Nation's Restaurant News, March 22, 2004 by Erica Duecy

From Cajun-Creole to classic French, the menu at fine-dining restaurant Spiced Pear reflects chef Richard Hamilton's many culinary inspirations. He has studied, interned and worked in myriad restaurants from France to the Bahamas and stateside destinations from Las Vegas to Nashville, Tenn. In pursuing his dream to become executive chef of a fine-dining restaurant, Hamilton has had to juggle the demands of a family and a culinary career.

Title: executive chef, Spiced Pear at the Chanler Hotel, Newport, R.I.

Birth date: April 21,1967

Hometown: Oklahoma City

Education: some undergraduate studies at Oklahoma State University and Cornell University; Master diploma from Ecole Ritz Escoffier, Paris; grand diploma from Le Cordon Bleu, Paris

Career highlights: cooking with Alain Ducasse; finding an owner who believes in his vision and allows him to buy amazing ingredients and cook in the wonderful environment of Spiced Pear

How did you get your start in the restaurant business?

My mom had a Cajun-Creole restaurant in Oklahoma City, where I grew up, called Hamilton House and also a Southern-style family restaurant called Brandy's. I started working at the restaurants at 6 years old, doing anything they'd let me do: washing dishes, doing a little prep, stirring salads. I loved the omelet station. Sometimes they'd let me cook for customers.

Did you start taking on more responsibilities when you entered your teens?

When I got older, I stopped wanting to work for my family and wanted to move around to other restaurants. It was getting a little boring, so I started bussing tables at restaurants around town. Then I started working as a prep cook at various kitchens and started working my way up, working with different styles of food.

How did you end up at the Ritz Escoffier?

I left college a year before graduating because I had decided that schooling wasn't what I wanted, but I really wanted to be a chef. I got married to the woman I'd been dating since the eighth grade. And she said, "If chefing is what you want to do, you need to go to culinary school." So we decided that the best thing to do was to go to France so I could cook at the Ritz Escoffier.

What was your first job out of culinary school?

I was a saucier at the two-star L'Espadon in Paris under chefs Michel Roth and Guy Legay. I was there for about four months and then went to intern with Alain Ducasse in Monte Carlo at Le Louis XV. I was basically working all stations, rotating from station to station. I kept working at different restaurants until my work permit expired several months later.
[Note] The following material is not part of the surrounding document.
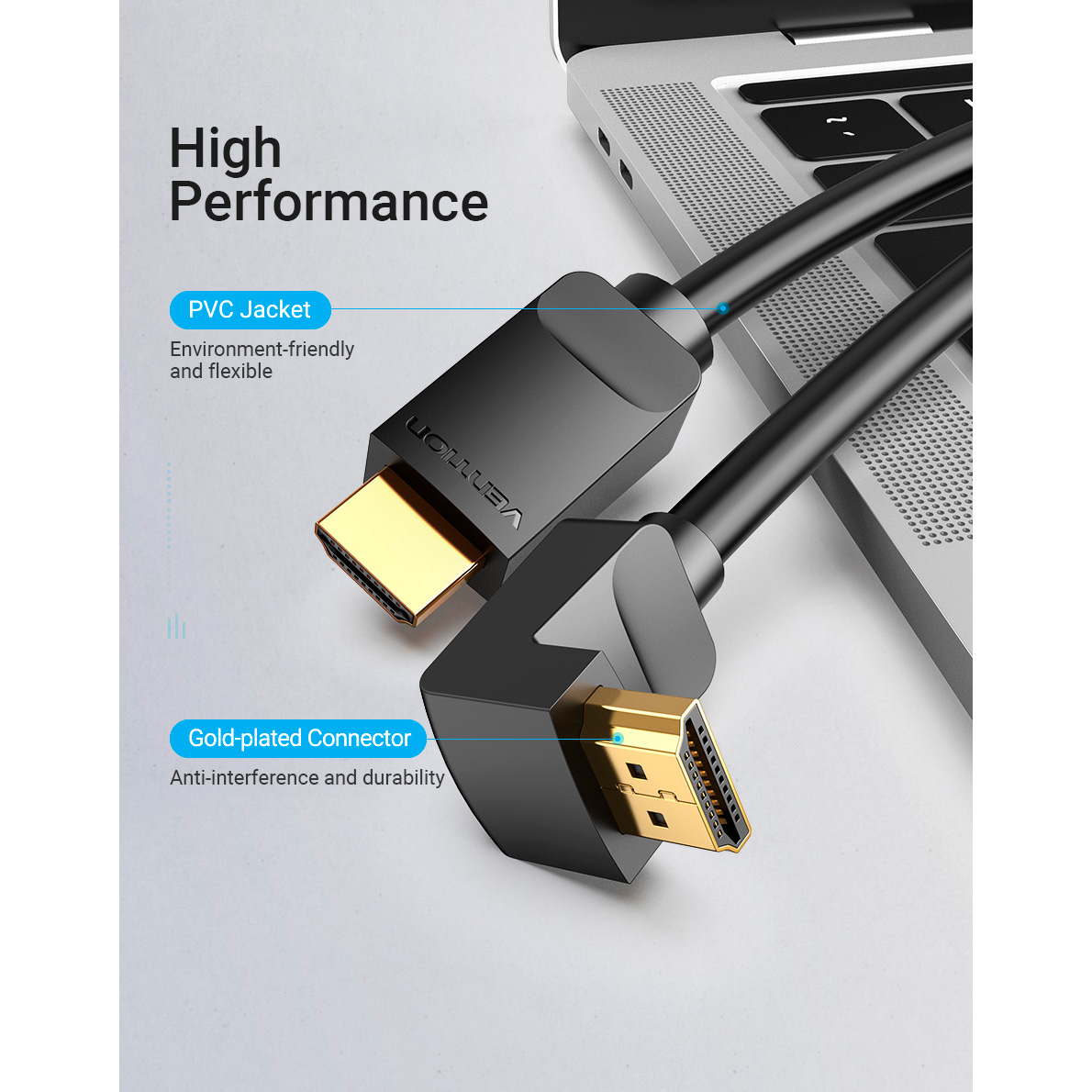 Кабель VENTION HDMI Right Angle Cable 270 Degree HDMI v2.0 3м Black (AAQBI)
What did you do back in the States?

I worked as a sous chef at the Ritz-Carlton Hotel Laguna [in Dana Point, Calif.] and then moved to Tennessee. While in Tennessee, I started a catering company called The Ritz Inc., in Nashville. I was the personal chef to Pink Floyd, the Red Hot Chili Peppers and MCA Records. I traveled around the country with country singers like Tim McGraw and Faith Hill and Garth Brooks. That was 1993 to 1997. It was fun for a little while, but what I really wanted to be was a chef at a restaurant. My wife was staying in Tennessee while I was traveling, and she didn't like me to be gone so much. She just said, "Enough's enough." So I sold my share in the business and helped open a restaurant in Nashville called Magnolias, where I was the executive chef. It was a very successful high-end Southern restaurant.

And then you moved to Las Vegas?

I was at Magnolias for two years and left in 2000 to work as chef de cuisine at MGM, for their Mirage, Bellagio and New York, New York resorts in Las Vegas. I was there for more than a year. I loved the job and the company, but Vegas just wasn't our kind of town. By that time we had a son, Christian, and my wife was miserable living there. There wasn't a lot for families to do there.

So you moved again?

I took a consulting job as the executive chef at Dunmore Beach Club on Harbour Island in the Bahamas. It had been a sleepy resort for years, and they wanted to take it up to a five-star resort. So I was hired to redo all the menus, get a staff in place and get them trained. My wife and son went back and forth between the Bahamas and her family in Tennessee.

You've lived in so many different places. Have your travels influenced your cuisine?

It's influenced me dramatically. A lot of young chefs make the mistake of thinking that the grass is greener on the other side, that if they just knew how to cook island cuisine, for example, they would be better chefs. The nice thing about seeing all those cuisines was learning that they're all based on the same techniques, and you need that good technical foundation. From there it's really just cooking what's in your imagination and in your heart.

What prompted your move to Rhode Island?

I got a call from a headhunter who said they were interested in me for this project, and it was perfect timing. I was looking to settle down in a smaller property and really do a signature top-of-the-line restaurant. I had done the traveling thing, I had done the let's-explore-your-wild-side kind of thing, and now my wife and I wanted to finally put down some roots and send our son to school. With this restaurant I could put everything that I'd preached and taught for years to the test and find out if I could launch myself as a top-level chef.